-------- Supplied data --------
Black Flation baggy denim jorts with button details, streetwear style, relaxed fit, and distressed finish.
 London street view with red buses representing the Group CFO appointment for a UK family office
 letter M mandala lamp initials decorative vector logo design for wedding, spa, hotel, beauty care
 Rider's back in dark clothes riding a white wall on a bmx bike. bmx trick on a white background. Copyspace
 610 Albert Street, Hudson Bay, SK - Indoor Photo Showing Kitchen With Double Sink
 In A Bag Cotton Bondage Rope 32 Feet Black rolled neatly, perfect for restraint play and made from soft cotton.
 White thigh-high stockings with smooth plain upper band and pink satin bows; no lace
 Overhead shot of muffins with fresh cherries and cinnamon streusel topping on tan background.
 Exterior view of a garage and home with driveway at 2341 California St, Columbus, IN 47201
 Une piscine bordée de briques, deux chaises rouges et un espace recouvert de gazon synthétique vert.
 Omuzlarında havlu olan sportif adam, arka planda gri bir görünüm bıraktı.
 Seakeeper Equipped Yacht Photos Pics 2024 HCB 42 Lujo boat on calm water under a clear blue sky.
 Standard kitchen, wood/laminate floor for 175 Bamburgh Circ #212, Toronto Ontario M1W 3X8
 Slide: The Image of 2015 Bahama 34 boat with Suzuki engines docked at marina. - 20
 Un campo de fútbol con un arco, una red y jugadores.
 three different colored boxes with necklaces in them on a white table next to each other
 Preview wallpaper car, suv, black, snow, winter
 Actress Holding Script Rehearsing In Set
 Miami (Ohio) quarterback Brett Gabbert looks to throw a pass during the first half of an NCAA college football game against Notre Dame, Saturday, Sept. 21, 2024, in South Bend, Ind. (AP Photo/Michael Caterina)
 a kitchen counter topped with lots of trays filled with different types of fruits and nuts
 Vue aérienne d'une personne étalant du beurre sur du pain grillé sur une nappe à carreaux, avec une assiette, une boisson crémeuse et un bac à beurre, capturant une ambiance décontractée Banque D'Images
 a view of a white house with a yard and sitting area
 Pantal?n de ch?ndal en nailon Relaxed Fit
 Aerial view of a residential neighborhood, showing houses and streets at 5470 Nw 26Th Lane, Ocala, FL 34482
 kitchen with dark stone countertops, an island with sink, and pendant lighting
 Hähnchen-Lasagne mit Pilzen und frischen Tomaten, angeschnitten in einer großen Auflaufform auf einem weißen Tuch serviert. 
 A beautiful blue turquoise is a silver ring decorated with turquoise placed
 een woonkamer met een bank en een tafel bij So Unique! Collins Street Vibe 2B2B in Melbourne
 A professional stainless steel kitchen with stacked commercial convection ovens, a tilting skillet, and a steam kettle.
--------
▶ _What to do_
Return only this span, exactly: the line that contains "A beautiful blue" and all lines after it to the end of the records.

▶ _Your solution_
 A beautiful blue turquoise is a silver ring decorated with turquoise placed
 een woonkamer met een bank en een tafel bij So Unique! Collins Street Vibe 2B2B in Melbourne
 A professional stainless steel kitchen with stacked commercial convection ovens, a tilting skillet, and a steam kettle.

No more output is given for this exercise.